Parte dall’Umbria il tour 2023 di “Historia, Tango Nuevo ai confini del jazz”, un format teatrale che unisce narrazione, musica dal vivo e ballo a due per raccontare una storia di rivalsa sul maschilismo che incombe nella Buenos Aires degli anni ‘30 del secolo scorso, nei luoghi in cui ebbe origine il tango. L’appuntamento è al teatro della Filarmonica di Corciano mercoledì 11 gennaio (ore 21). Info biglietti: 0755188255 (ore 10-13 e 15-18). Il tour proseguirà poi nei teatri italiani.
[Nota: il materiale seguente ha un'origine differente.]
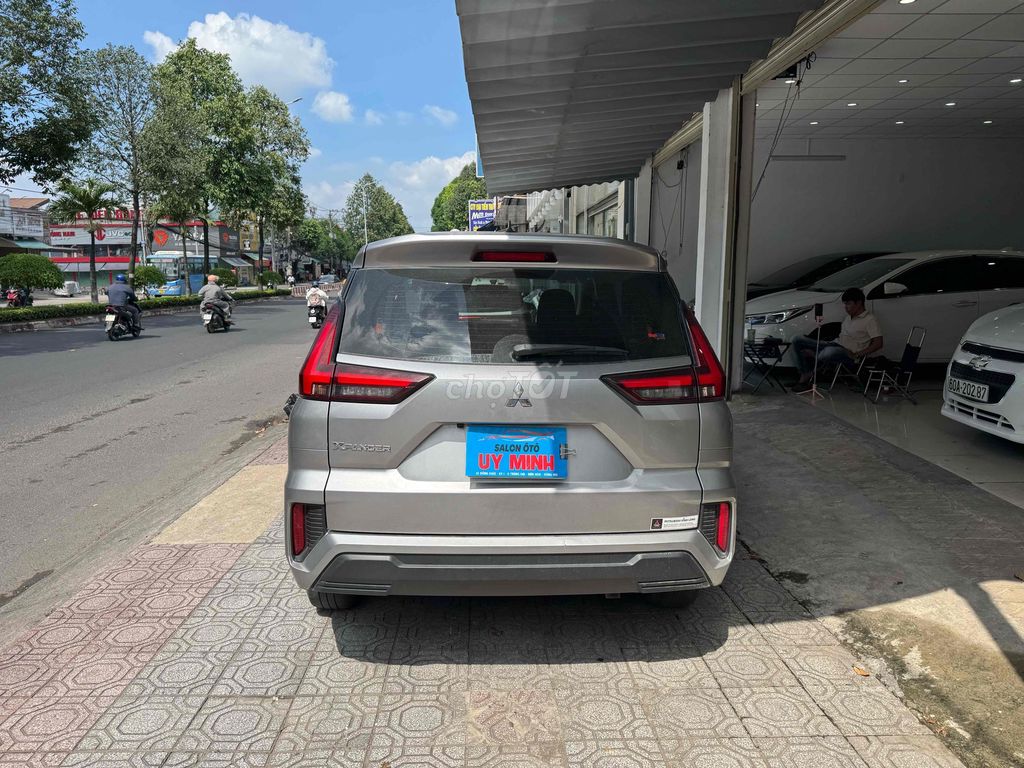 Mitsubishi Xpander 2023 1.5 AT - 52000 km. Mua bán Ô tô tại Thành phố Biên Hòa Đồng Nai được đăng bởi Xe Lướt Uy Minh hình 2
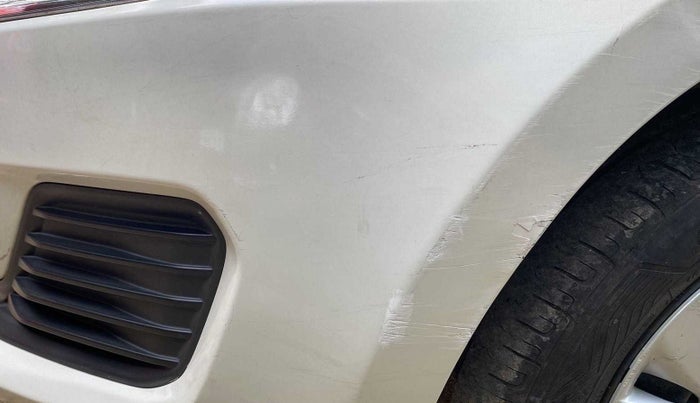 2019 Maruti Swift VXI, Petrol, Manual, 63,575 km, Front bumper - Minor scratches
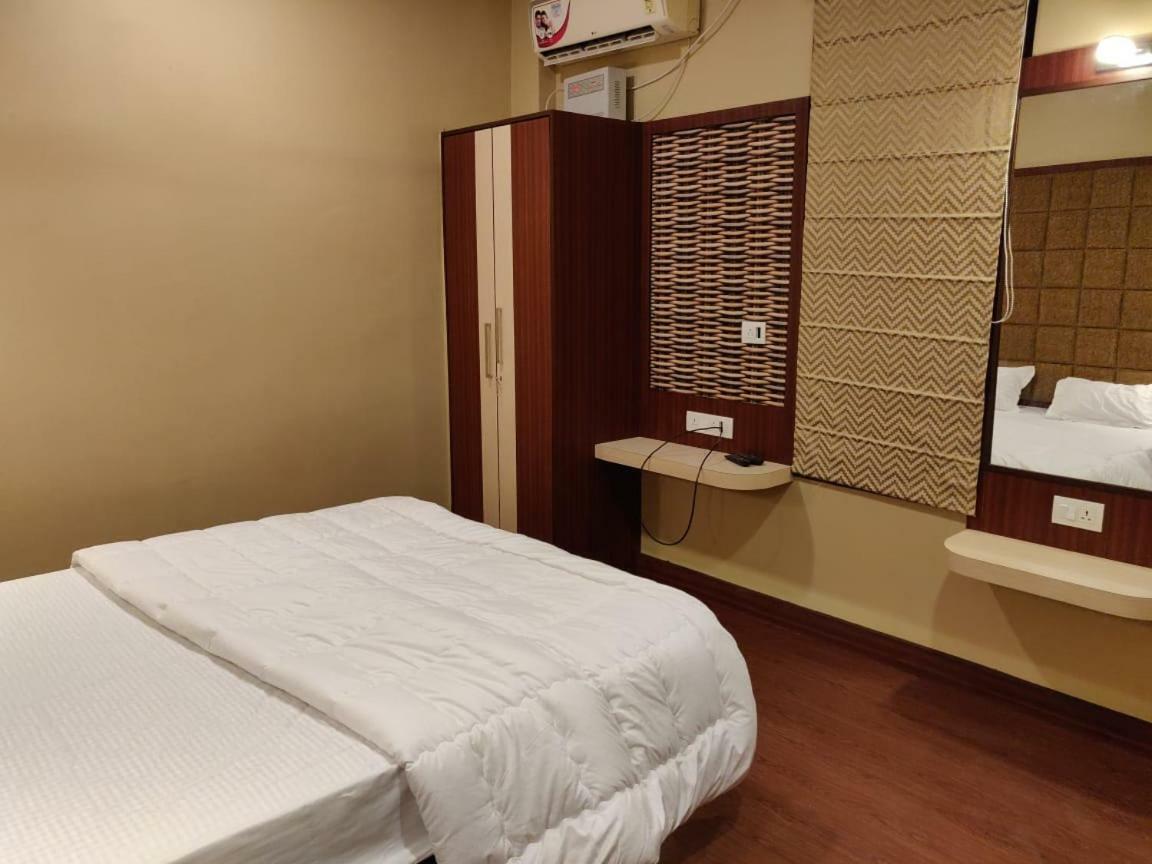 Backpackers Park Varanasi Ngoại thất bức ảnh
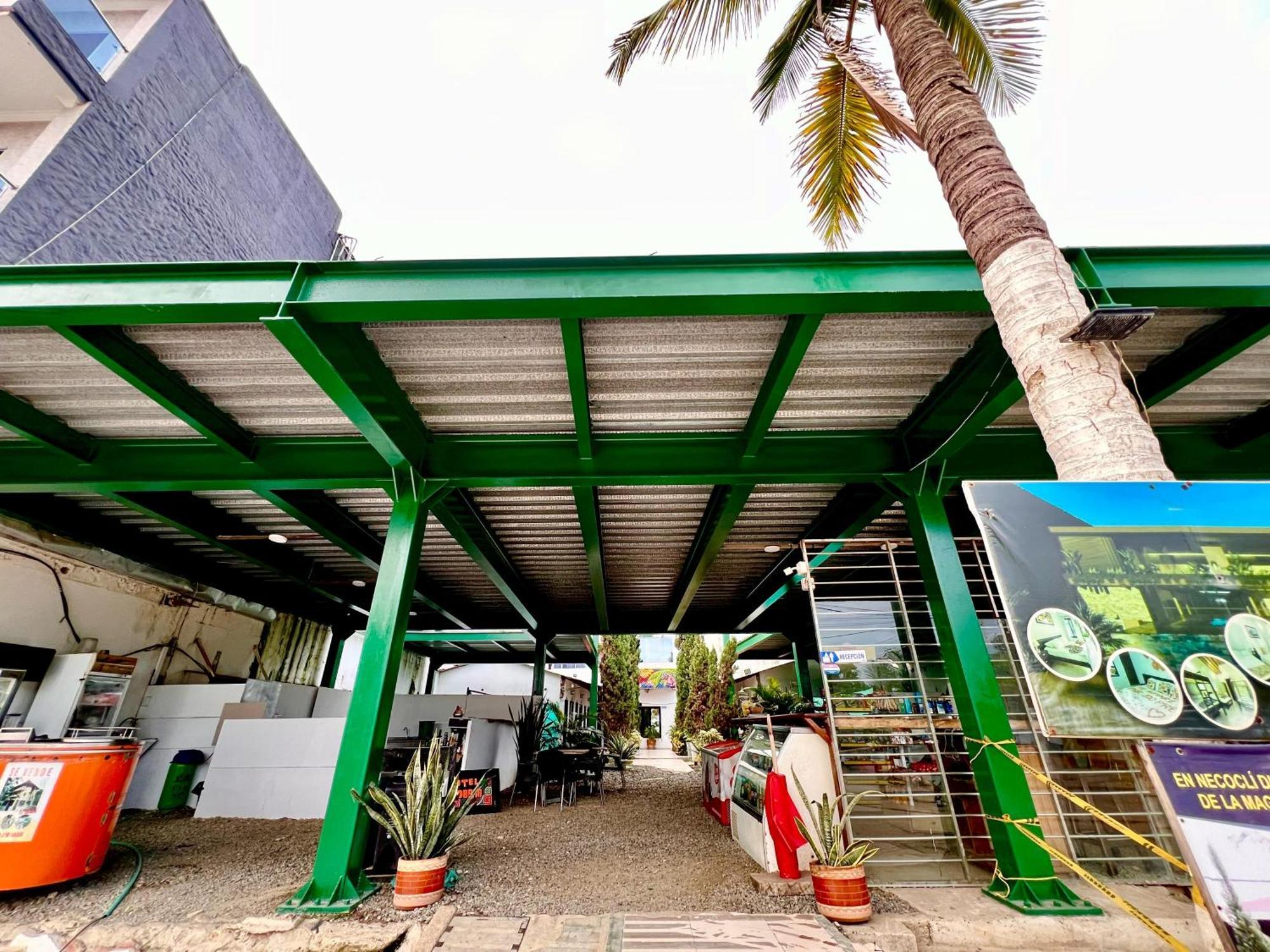 Hotel Cocobana Necoclí المظهر الخارجي الصورة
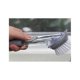 thumbnail image 4 of 2pcs Dish Brush Dish Scrubber Kitchen Dish Scrub Brush With Handle Dish Cleaning Brush Dish Wand Fo, 4 of 5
Tra le prossime date confermate fuori dall’Umbria il 29 gennaio al Teatro Curci di Barletta e il 15 e 16 aprile all’EcoTeatro di Milano.

Coreografie In scena le coreografie dei maestri di ballo Samuel Peron e Veera Kinnunen, ballerini storici della trasmissione di Rai 1 “Ballando con le Stelle”, la straordinaria voce di Stefania Caracciolo e la musica dal vivo di cinque musicisti professionisti, di cui quattro umbri, quasi tutti protagonisti dell’orchestra di Ballando con le Stelle: Daniele Bocchini (trombone), Marco Postacchini (sax, flauto, arrangiamenti), Enzo Proietti (pianoforte), Graziano Brufani (contrabbasso) e Leonardo Ramadori (percussioni).

Musica Liberamente ispirato alla figura di Azucena Maizani, una delle prime donne drag performer a cantare tango negli anni Trenta del Novecento, il testo dello spettacolo, scritto da Daniele Bocchini e Fabrizio Brocchieri, pone la musica, il talento e la passione come strumenti di sopravvivenza in una società fortemente maschilista e pregiudizievole nei confronti della libertà e della dignità della donna. Il programma musicale di Historia passa per il son cubano di Miguel Metamoroso, Osvaldo Farrès, Isolina Carrillo fino al pop internazionale di Sting, Steve Wonder, Cher e Pino Daniele, attraverso l’eleganza del Tango, del Bolero latino e del Tango Flamenco. Gli arrangiamenti in chiave jazzistica vogliono richiamare la provocazione stilistica introdotta negli anni ‘60 da Astor Piazzolla, con elementi musicali innovativi, capaci di esaltare e ampliare la potenza espressiva del tango moderno, cui il sestetto di musicisti e la coppia di ballerini, intercalandosi alla voce narrante, aggiungeranno pathos ed erotica emozione.